**THE TASK:** The answer must consist solely of the lines from the one with "Apartamentos Jardin del Atlantico" through the last line of the data, copied exactly, with no pictures.
^^^^
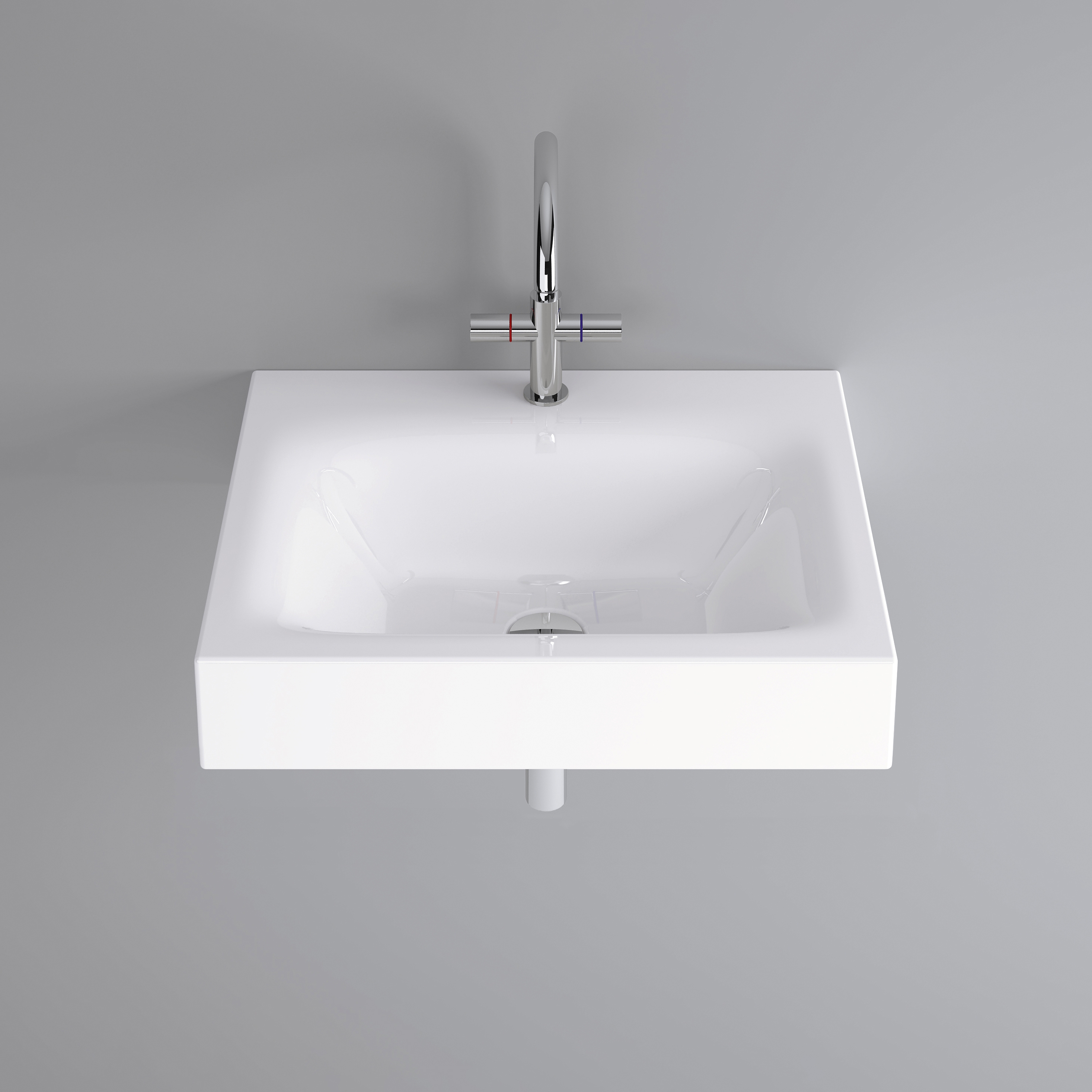Produkt VIVA Wandbecken des Herstellers Schmidlin anzeigen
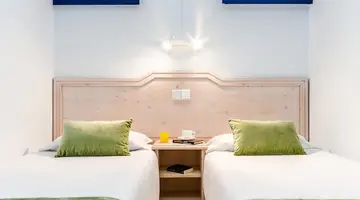 Apartamentos Jardin del Atlantico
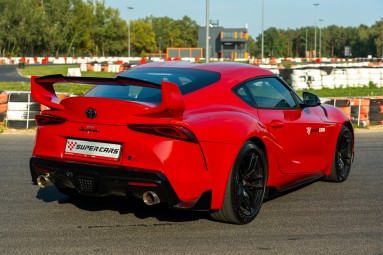 Co-Drive dla Dziecka 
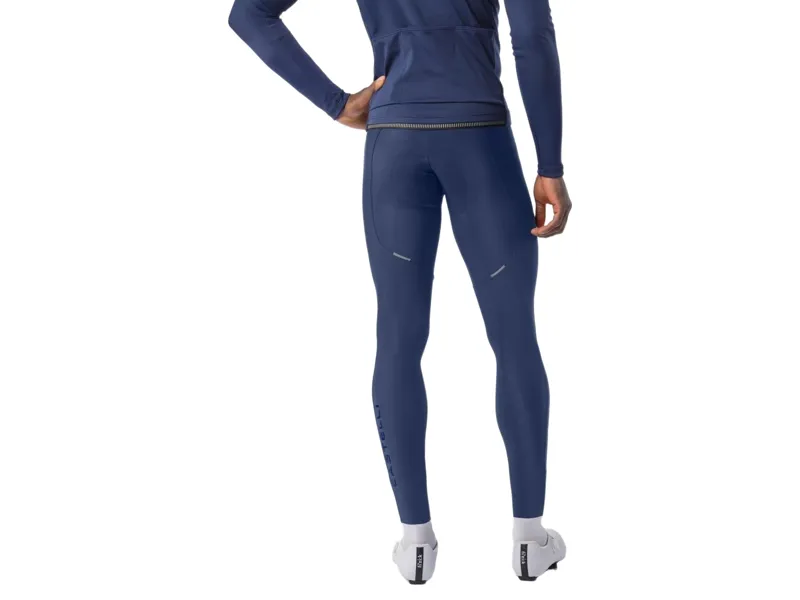 Castelli Espresso 2 Bib Tights in Belgian Blue-1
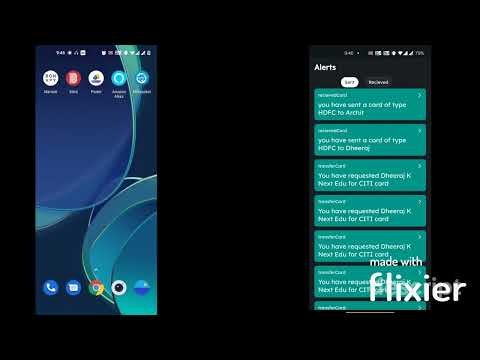 Credwise gallery image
^^^^
**RESPONSE TO THIS TASK:**
 Apartamentos Jardin del Atlantico
 Co-Drive dla Dziecka 
 Castelli Espresso 2 Bib Tights in Belgian Blue-1
 Credwise gallery image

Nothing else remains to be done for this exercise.